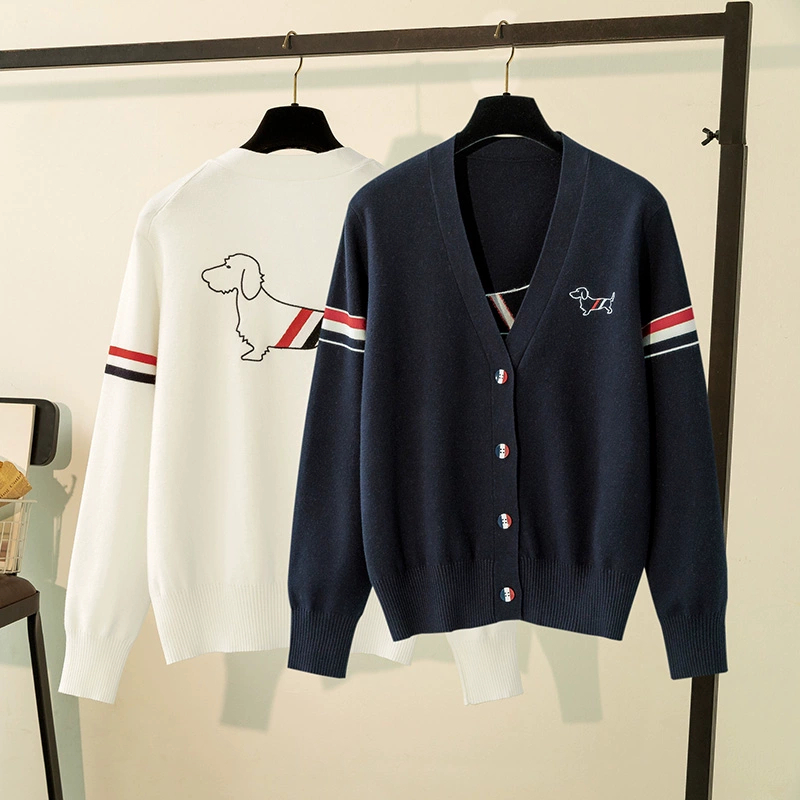 Áo Khoác Thu Đông Cardigan Thêu Hình Cún, Áo Khoác Thom Browene Phong Cách Hàn Quốc, Hàng Xuất Khẩu Cao Cấp PINKLADY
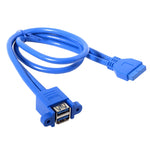 마더보드 20핀 회전형 더블 USB3.0 연장 케이블 이어 배플 케이블 포함, 블루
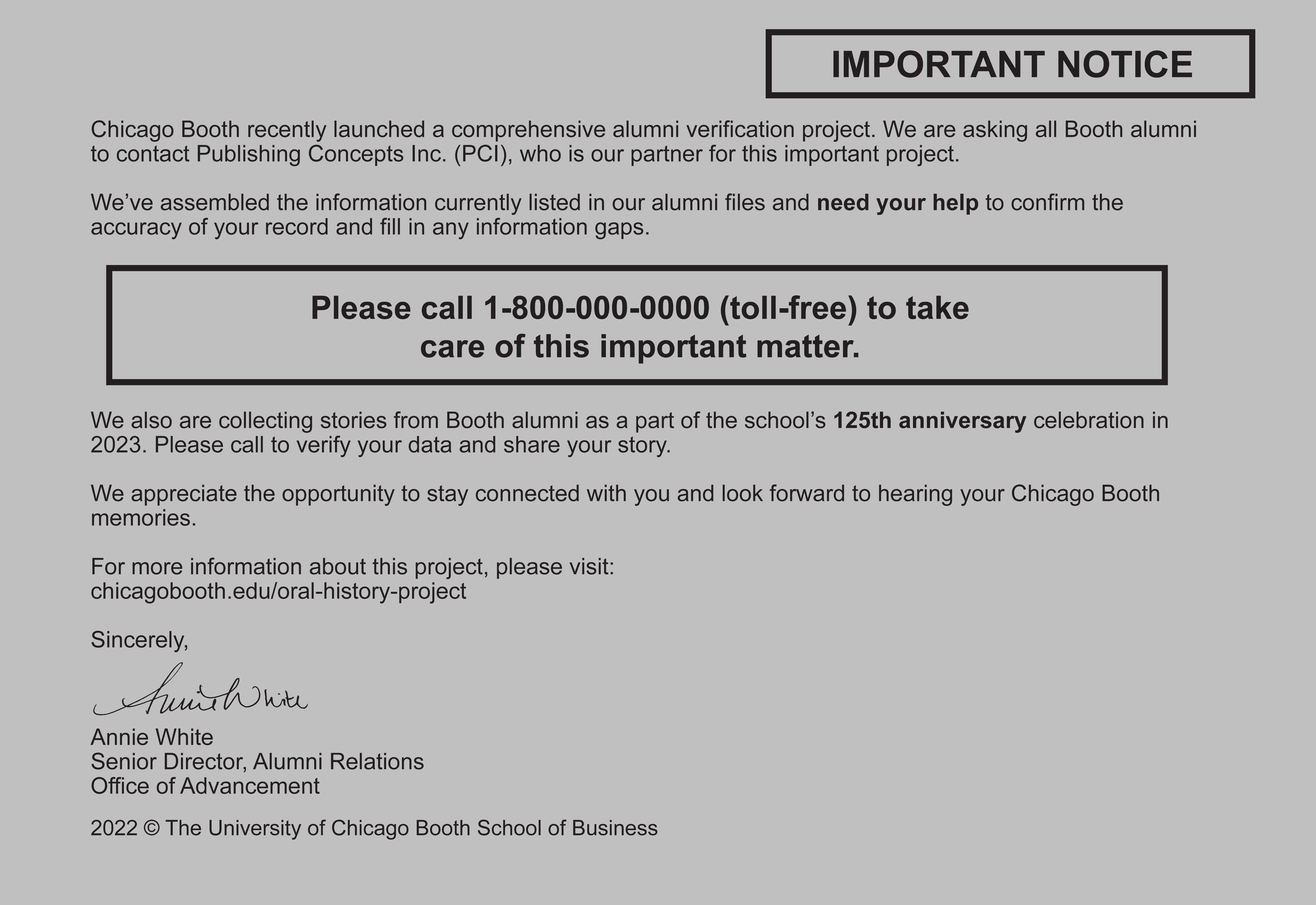 Boooth Alumni Important Notice Postcard Example 1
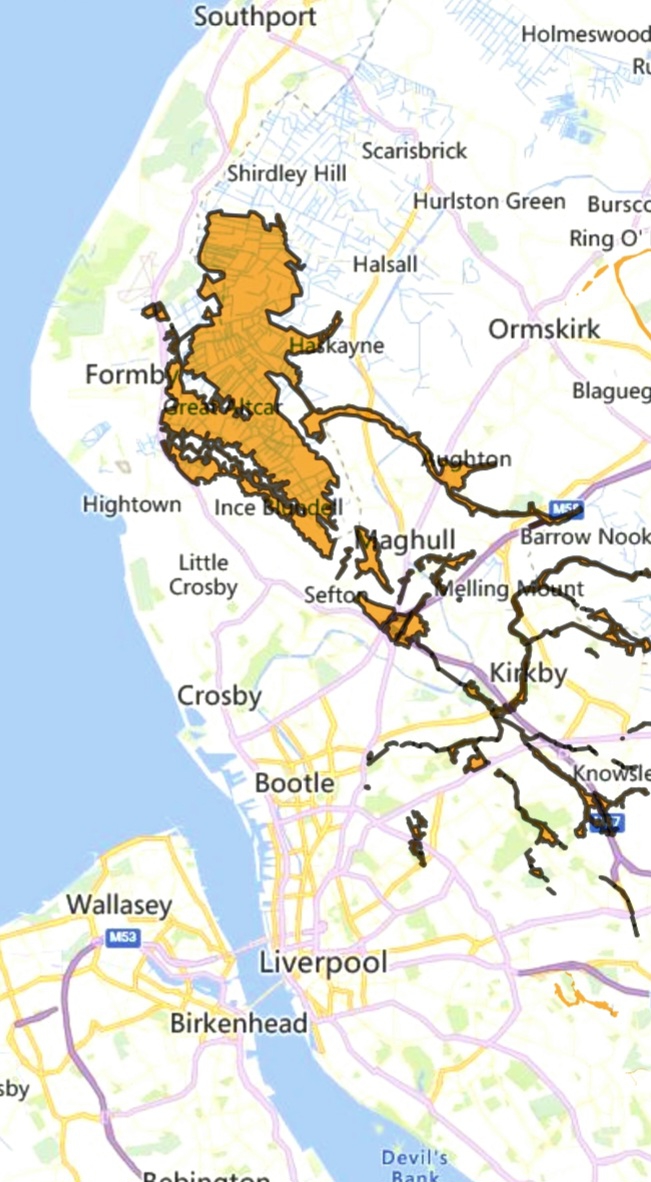 Flood alert for River Alt, Formby to Huyton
· · · · · · ·
Output the material above exactly as written and drop any images it holds.

 Áo Khoác Thu Đông Cardigan Thêu Hình Cún, Áo Khoác Thom Browene Phong Cách Hàn Quốc, Hàng Xuất Khẩu Cao Cấp PINKLADY
 마더보드 20핀 회전형 더블 USB3.0 연장 케이블 이어 배플 케이블 포함, 블루
 Boooth Alumni Important Notice Postcard Example 1
 Flood alert for River Alt, Formby to Huyton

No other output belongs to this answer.